WORK TO COMPLETE
Word for word, please copy the line containing "Houten ladder beschikbaar voor biedingen" and all lines after it in the entries below, and only those, leaving every picture out.

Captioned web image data

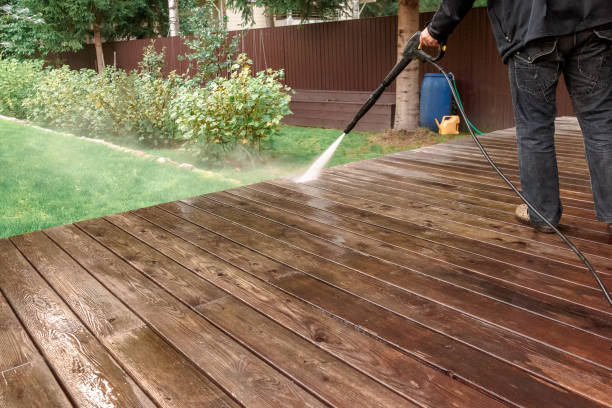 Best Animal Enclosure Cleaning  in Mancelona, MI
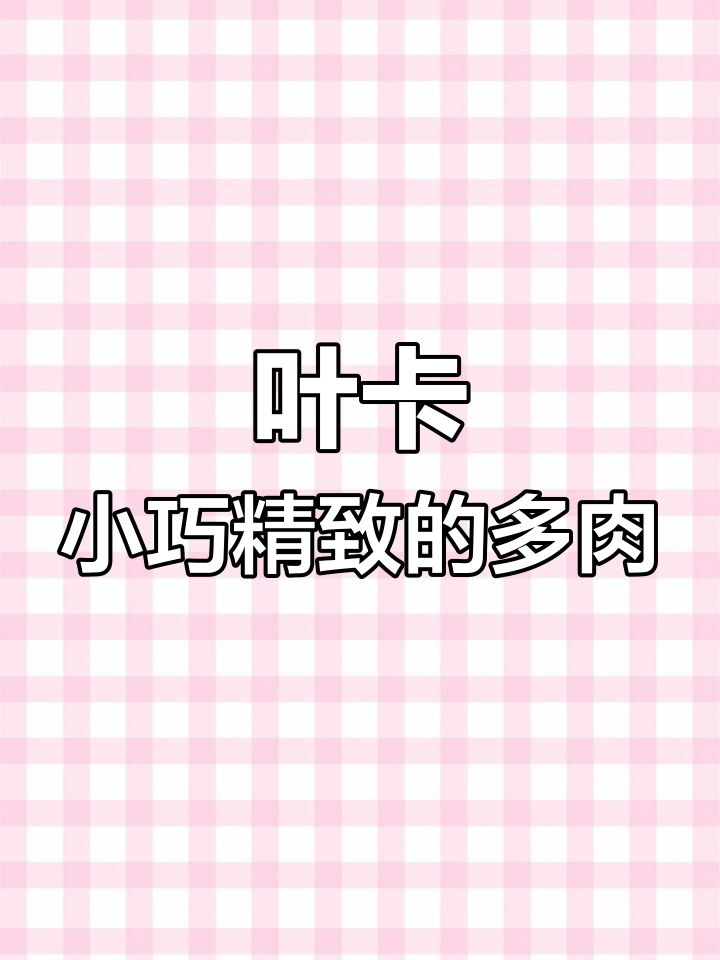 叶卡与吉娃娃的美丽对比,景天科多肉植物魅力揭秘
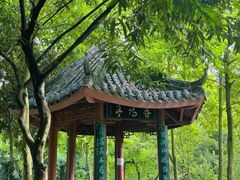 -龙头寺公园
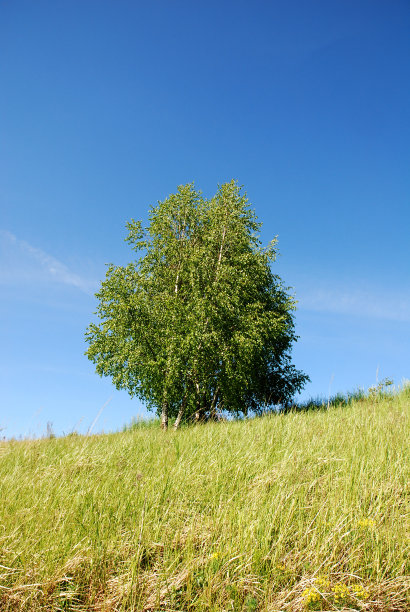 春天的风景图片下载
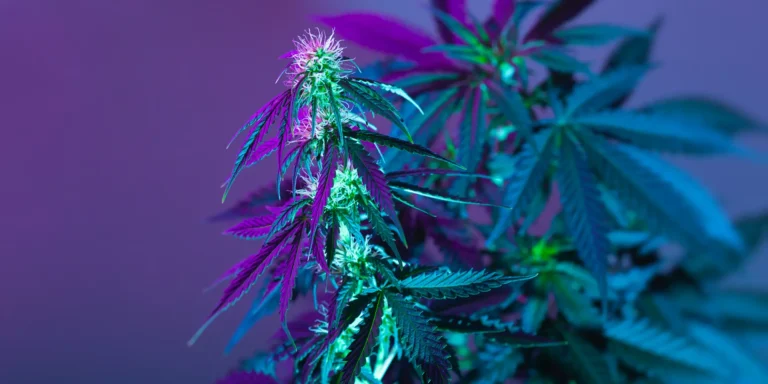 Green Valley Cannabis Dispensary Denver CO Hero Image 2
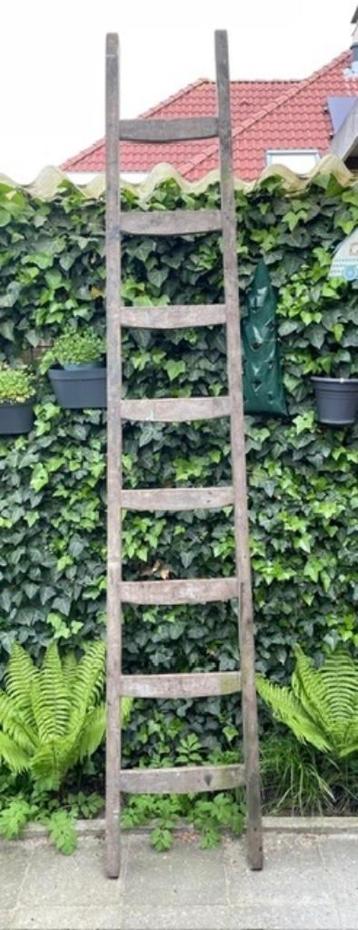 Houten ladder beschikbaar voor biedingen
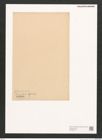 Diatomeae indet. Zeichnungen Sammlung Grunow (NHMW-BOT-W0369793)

EXERCISE OUTPUT
 Houten ladder beschikbaar voor biedingen
 Diatomeae indet. Zeichnungen Sammlung Grunow (NHMW-BOT-W0369793)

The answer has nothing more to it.